I listened to a podcast with someone who went from Christian fundamentalist to agnostic to taking the Jesus stories as a mirror.
It’s a nice illustration of some of the ways we can relate to religion and spiritual stories and mythology in general.
Do we take it as literal truth? If we do, we inevitably come up against logical inconsistencies. And by holding anything as any full, final, or absolute truth, we take a position not aligned with reality and this is inherently filled with conflicts, a need to defend and prop up our position, and discomfort.
Do we still think of it as a literal truth or not and say: I don’t know. I take an agnostic view.
Do we see the stories as useful metaphors for our life? As saying something universal about humans and ourselves?
Or do we go one step further and see the stories and mythologies as we would a dream? Do we see it all as reflecting parts and dynamics of ourselves? Here, it doesn’t matter so much if Jesus – or other religious figures – were historical persons or not, or whether or not the stories actually happened.
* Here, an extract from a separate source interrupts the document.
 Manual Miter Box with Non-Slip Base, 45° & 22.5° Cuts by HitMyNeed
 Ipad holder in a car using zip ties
What’s important is what they can show us about ourselves and our own process.
For instance, we can see Jesus as an image of the clarity and love we all have in us and ultimately are. Or the wholeness of our human self when it’s more healed and we are conscious of more of it. Or someone who lives from noticing his nature as capacity and what his world happens within and as.
We can see the virgin birth as an image of how the world, to us, happens within and as what we are. Our world – including this human self – is born from nothing, from virgin territory.
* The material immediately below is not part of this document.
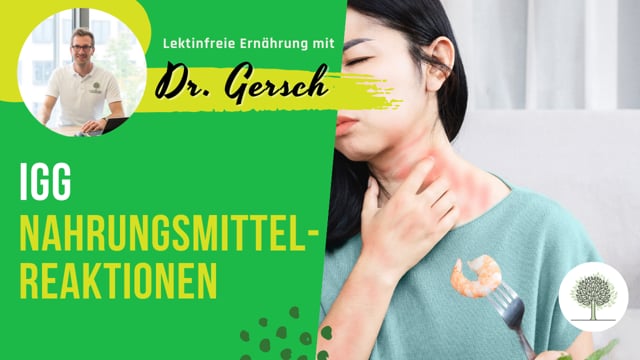 IgG-Nahrungsmittelreaktionen auf aktuell gegessene Lebensmittel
We can see the death & resurrection as the death of our beliefs and the resurrection on the other side of these beliefs. This can happen in smaller (and still significant) ways when we see through old beliefs and identifications and find a less limited and more receptive way of being on the other side. And it can happen in a more dramatic way when our identity as something within content of experience falls away and we find ourselves as capacity and what the world, to us, happens within and as.
We can see Judas as the dynamic in us abandoning truth, clarity, and love for the benefit of reactivity to fear and unquestioned stories.
And so on. Any story within religion and mythology can be explored in this way.
Or do we see it as useful metaphors for our life? Or even one step further and see the stories and mythologies as mirrors for ourselves? For what’s already here? For the dynamics and processes in us? For who or what we are?